Es gibt Vögel, die man – pünktlich wie die „Vogeluhr“ – morgens allein singen hören kann. Ganz früh vor der Dämmerung etwa Feldlerche, Garten- oder Hausrotschwanz (90–60 Minuten vorher), dann Kuckuck, Amsel oder Rotkelchen (60–45 Minuten), wenn es schon heller wird, Meisen, Zilpzalp, Stieglitz, Star oder Fink (35–5 Minuten). Zu den großen Morgenblühern gehören die Pracht- oder Prunkwinden. Im Englischen tragen sie den schönen Namen „Morning glory“. Ihre großen Blüten – bei der Japanischen Kaiserwinde etwa bis zu 30 Zentimeter Durchmesser – blühen vormittags und zerfließen im Lauf des Tages. In der kurzen Zeit ihres Blühens verändern sie fortschreitend ihre Farbe.
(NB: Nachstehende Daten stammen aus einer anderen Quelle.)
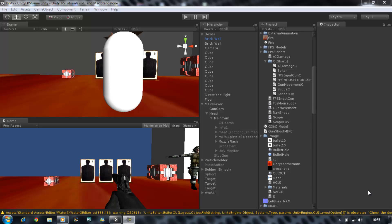Hi guys and welcome back to our tutorial series. In the last tutorial I showed you guys how to create your muzzle flash using JavaScript, and in today's tutorial I'm going to be creating the exact same ray shoot script for C# people. Let's get started.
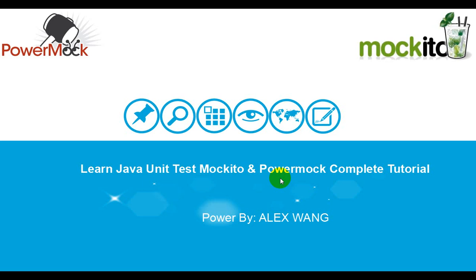Hey, I'm so glad you enrolled in my course. This course is focused on Java unit testing with Mockito and Powermock framework.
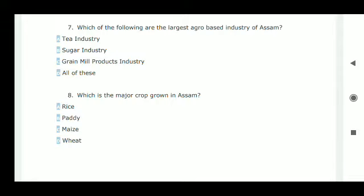Question number seven: which of the following are the largest agro-based industries of Assam? Tea industry, sugar industry, and grain mill industry — these three are agro-based, so option D, meaning all of these, is correct.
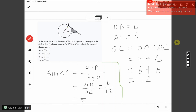First, we want to find the sine of angle C. By definition, sine of angle C equals the opposite side over the hypotenuse of the right triangle. The side opposite angle C is OB, and the hypotenuse facing the right angle is OC. OC equals OA plus AC, which is 6 plus 6 equals 12. Therefore, sine of angle C equals 6 over 12, which is one half.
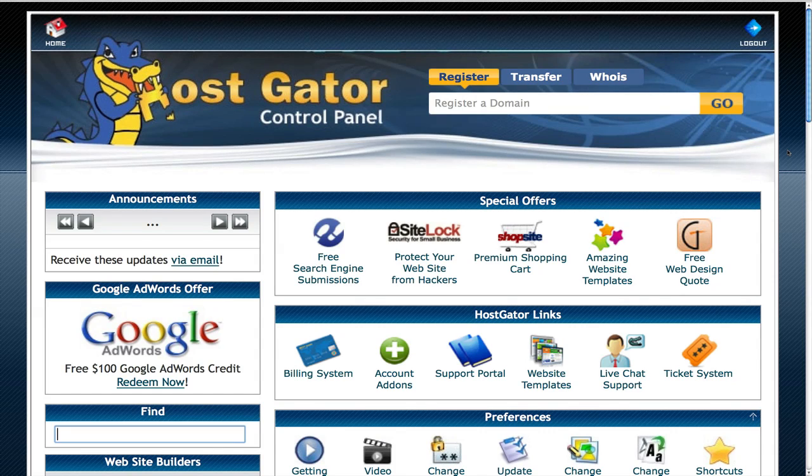Welcome to the Digital Fox and in this video what I want to show you is how you can install WordPress with just one click.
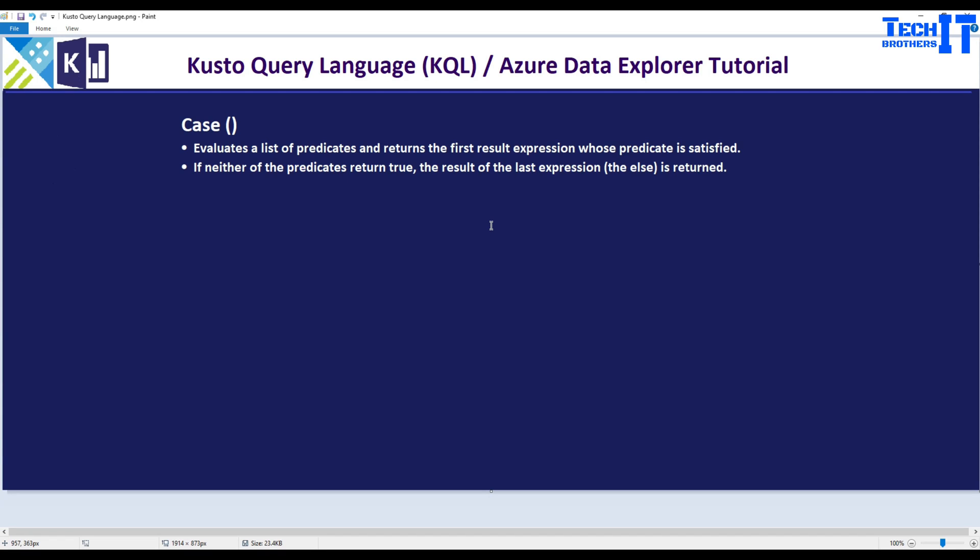Welcome to TechBrothers. In this video we are going to learn about case statement in Kusto. This is pretty much the same way as you have learned in other languages, so not a big difference, but we are going to experiment and see how exactly it looks in Kusto.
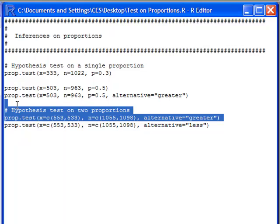Now, what these correspond to, the x is the number of successes in your samples, and n is the sample sizes. So 553 corresponds to the number of successes in your first sample from Population 1. Okay, n of 1055 is the number of samples that you took from Population 1. The 533 is the number of successes in the sample that you took from Population 2. And n equals to 1098 is the number of samples that you took from Population 2.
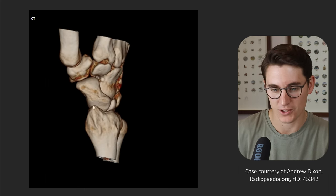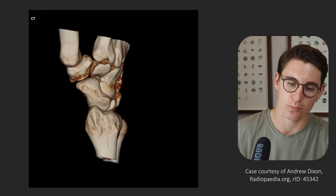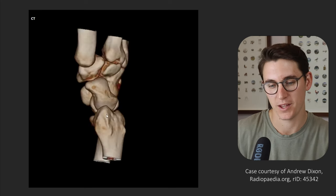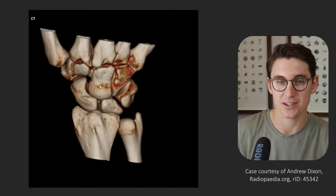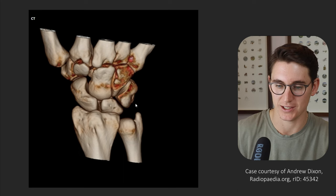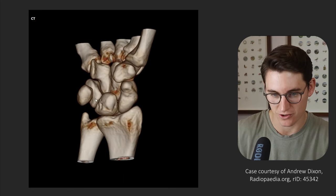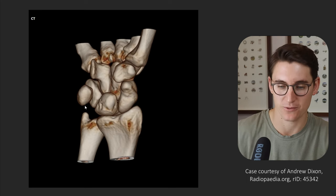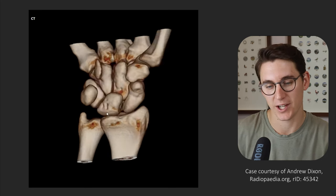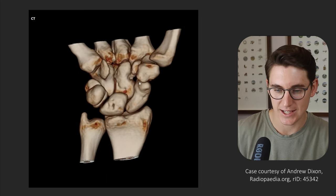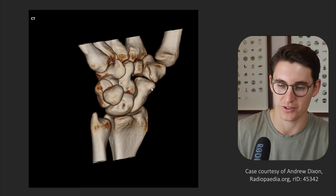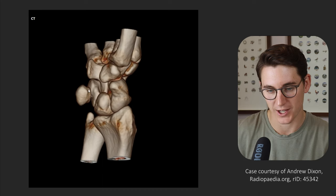We can see the scaphoid runs from posterior to anterior as we go from proximal to distal. We have a distal pole of the scaphoid, a waist, and then a proximal pole. Our lunate caps the capitate — the large bone in the middle of the wrist — and our lunate articulates with our triquetrum medially. In front of the triquetrum is a sesamoid bone, which is our pisiform bone. So the proximal row of carpal bones is made up of our scaphoid, lunate, triquetrum, and pisiform. The scaphoid tubercle and pisiform lie more anteriorly than the body of the scaphoid, lunate, and triquetrum.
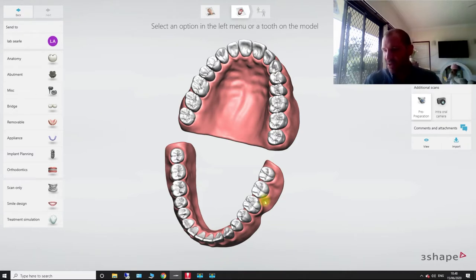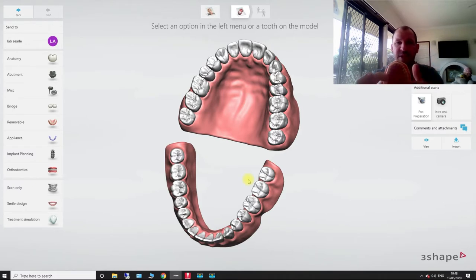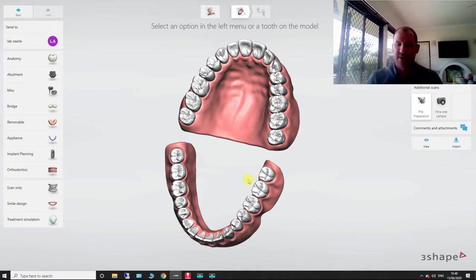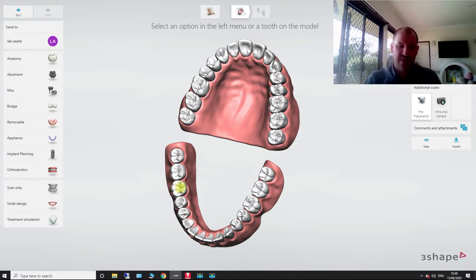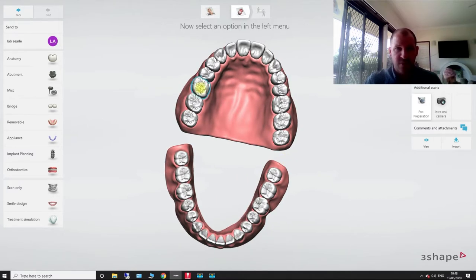And then once we go into here, I've got my model here, which this is my implant over here. So that is our 1-6. So basically we're going to click on 1-6.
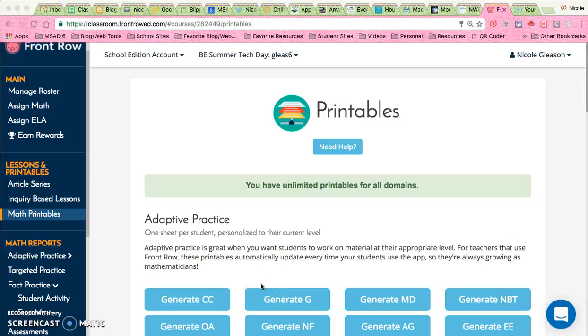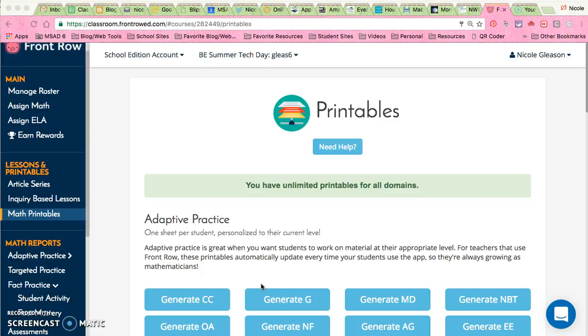Hey teachers, Nicole Gleason here. I'm going to show you how to create printables in math using Front Row that will give your students a different worksheet dependent on which standard they are working on in Front Row through their adaptive practice.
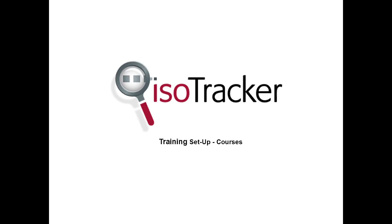Hi, this is Jamie with ISOTracker, and in this tutorial we're going to discuss how courses can be created in the training module. So let's get started.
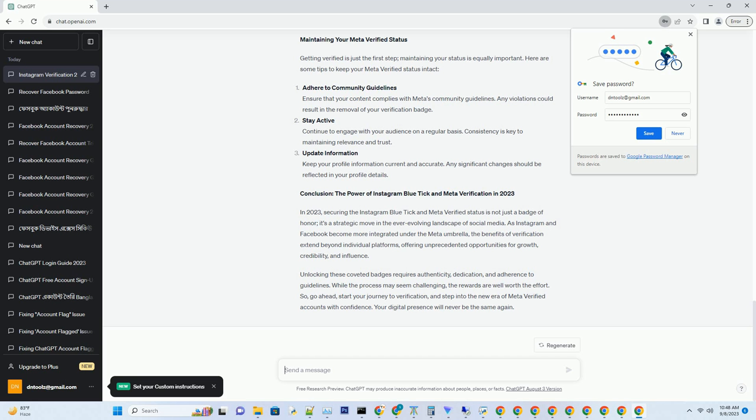Meta Verified — the new era of trust. Once you've successfully navigated the verification process, you'll join the ranks of Meta-verified accounts, enjoying a host of benefits. Cross-platform recognition: as mentioned, Meta-verified status extends across all Meta-owned platforms. This means that your verified status on Instagram also applies to Facebook, WhatsApp, and other Meta services, amplifying your online reach.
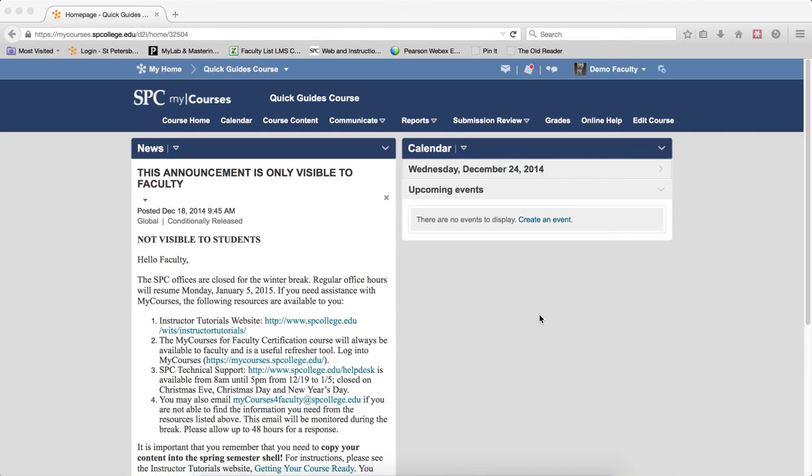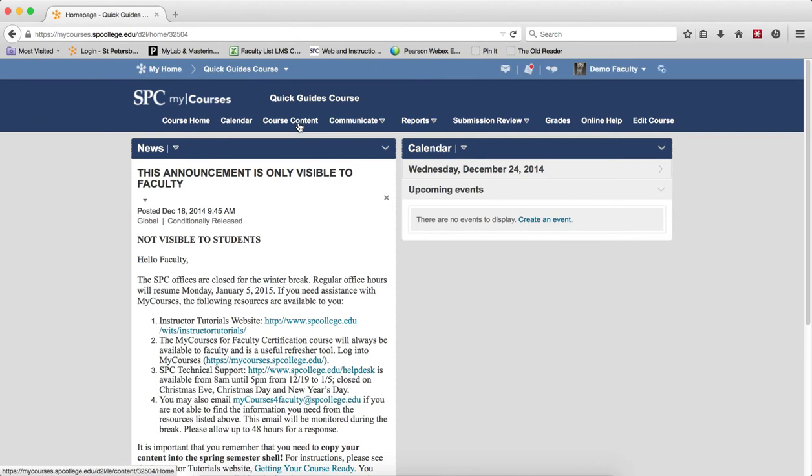Renaming a module is a pretty simple task. Click on the course content tab on the navbar.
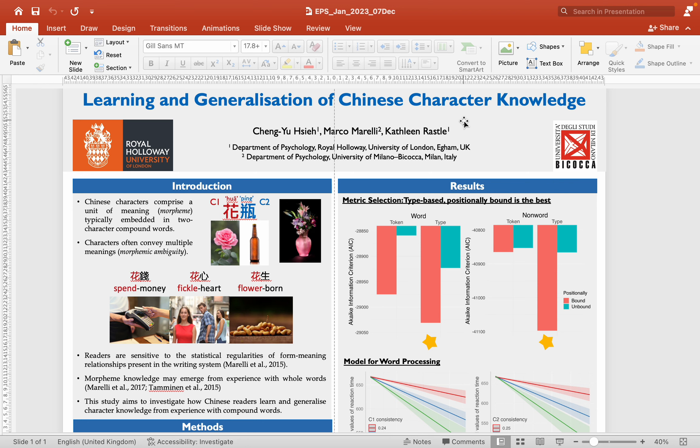Hello everyone, my name is Cheng Yu, and my poster is about how Chinese readers learn and generalize character knowledge through the experience with compound words.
Deshalb ist der Morgen auch eine besondere Zeit der Rituale – geistig, körperlich, seelisch:

• um nach dem Schlaf als kleinem Bruder des Todes wieder neu in das Leben zu finden,
• um im Trott des Alltags den Blick für die Wunder und die Einzigartigkeit dieses Tages zu öffnen,
• um Raum zu schaffen für das Neue, die Abenteuer, die erhoffte Zukunft, die da kommen soll.

Es kann den Verlauf des eigenen Tages tiefgreifend verändern, wenn ich den Morgen als das begreife, was er seinem tiefsten Wesen nach ist: ein Wunder, das auch durch seine stete Wiederholung nichts von seinem faszinierenden Wesen verliert. Das Wunder, dass ich überhaupt bin und nicht „nicht bin“. Das Wunder, dass ich mit den Menschen, die mir nahe sind, auch in dieser Nacht behütet worden bin und mich nicht über Nacht (wie Gregor Samsa) in einen Käfer verwandelt habe. Das Wunder, dass es die Welt, das Leben, die Menschen um mich herum „aufs Neue“ gibt, für mich gibt.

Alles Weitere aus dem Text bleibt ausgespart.